What is parametric equation of the line created by the intersecting planes x = 2 and z = 2?

2 Answers
Aug 2, 2016

#vec r = ((2),(0),(2)) + lambda ((0),(1),(0))#

Explanation:

no need to do much here because every point on the line of intersection will have values x = 2 and z = 2, and any value of y is possible.

a fixed point on the line is (2,0,2) so we can say that the line is this....

#vec r(lambda) = ((2),(0),(2)) + lambda ((0),(1),(0))#

Aug 3, 2016

#vecr=(2,0,2)+t(0,1,0), t in RR#, or,

in the usual Cartesian Form # (x-2)/0=y/1=(z-2)/0#.

Explanation:

Let the given planes be #pi_1 : x-2=0, and pi_2 : z-2=0#.
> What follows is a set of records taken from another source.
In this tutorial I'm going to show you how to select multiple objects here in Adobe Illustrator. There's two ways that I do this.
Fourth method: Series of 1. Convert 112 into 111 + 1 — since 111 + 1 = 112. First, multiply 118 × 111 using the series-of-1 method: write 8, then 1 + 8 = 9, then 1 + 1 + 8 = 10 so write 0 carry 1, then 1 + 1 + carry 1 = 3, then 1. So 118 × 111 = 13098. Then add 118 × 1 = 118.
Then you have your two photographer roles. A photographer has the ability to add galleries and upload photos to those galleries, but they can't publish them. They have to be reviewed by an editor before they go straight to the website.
Let the reqd. line be #L=pi_1 nn pi_2#.

To determine the eqn. of #L#, we need, #(1)# a pt., say, #A in L#, &

#(2)# the direction #vecl# of #L#.

(1) : The point A :-.

#A(x,y,z) in L=pi_1nnpi_2rArr A in pi_1, and, A in pi_2#

#rArr x=2, z=2#. As regards, #y in RR#, y is arbitrary, and, by our

choice, #y=0#. Hence, #A=A(2,0,2)#

(2) : The Direction #vecl# of #L# :-

Let #vecn_1, &, vecn_2# be the normals to #pi_1, &, pi_2#, resp.
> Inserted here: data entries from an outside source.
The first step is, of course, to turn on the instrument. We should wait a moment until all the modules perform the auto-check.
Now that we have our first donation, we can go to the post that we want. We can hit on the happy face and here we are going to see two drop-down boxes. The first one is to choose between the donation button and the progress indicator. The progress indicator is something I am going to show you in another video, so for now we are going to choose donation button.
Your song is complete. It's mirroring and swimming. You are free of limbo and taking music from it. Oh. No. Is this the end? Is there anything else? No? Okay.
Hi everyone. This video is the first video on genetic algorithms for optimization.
#:. vecn_1=(1,0,0)=hati, &, vecn_2=(0,0,1)=hatk#

#L=pi_1nnpi_2 rArr L sub pi_1, &, L sub pi_2 rArr vecl bot vecn_1, &, vecl bot vecn_2#.
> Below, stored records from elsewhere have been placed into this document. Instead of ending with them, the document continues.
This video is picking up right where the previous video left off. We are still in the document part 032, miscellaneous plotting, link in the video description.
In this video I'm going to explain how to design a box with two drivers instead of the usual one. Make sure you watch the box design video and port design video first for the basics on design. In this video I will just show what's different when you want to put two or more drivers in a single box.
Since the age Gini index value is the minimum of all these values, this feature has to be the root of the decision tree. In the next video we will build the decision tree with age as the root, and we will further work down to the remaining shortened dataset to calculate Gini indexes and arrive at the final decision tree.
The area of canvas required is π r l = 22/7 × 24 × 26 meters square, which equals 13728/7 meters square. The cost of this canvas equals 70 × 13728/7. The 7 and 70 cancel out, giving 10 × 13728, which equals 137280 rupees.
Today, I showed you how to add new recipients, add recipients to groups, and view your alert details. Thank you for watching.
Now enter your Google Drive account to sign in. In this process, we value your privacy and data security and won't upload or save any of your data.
#rArr vecl# is along #vecn_1xxvecn_2=hatixxhatk=-hatj=(0,-1,0)#.

we take, #vecl=hatj=(0,1,0)#

Using #(1), &, (2)#, the vector eqn., or, parametric eqn. of #L :#

#vecr=veca+tvecl, t in RR#, where, #veca# is the position vector of

the pt.#A#.

Hence, # L : vecr=(2,0,2)+t(0,1,0), t in RR#, or, in the usual

Cartesian Form # L : (x-2)/0=y/1=(z-2)/0#.

Hope, this will be helpful! Enjoy Maths!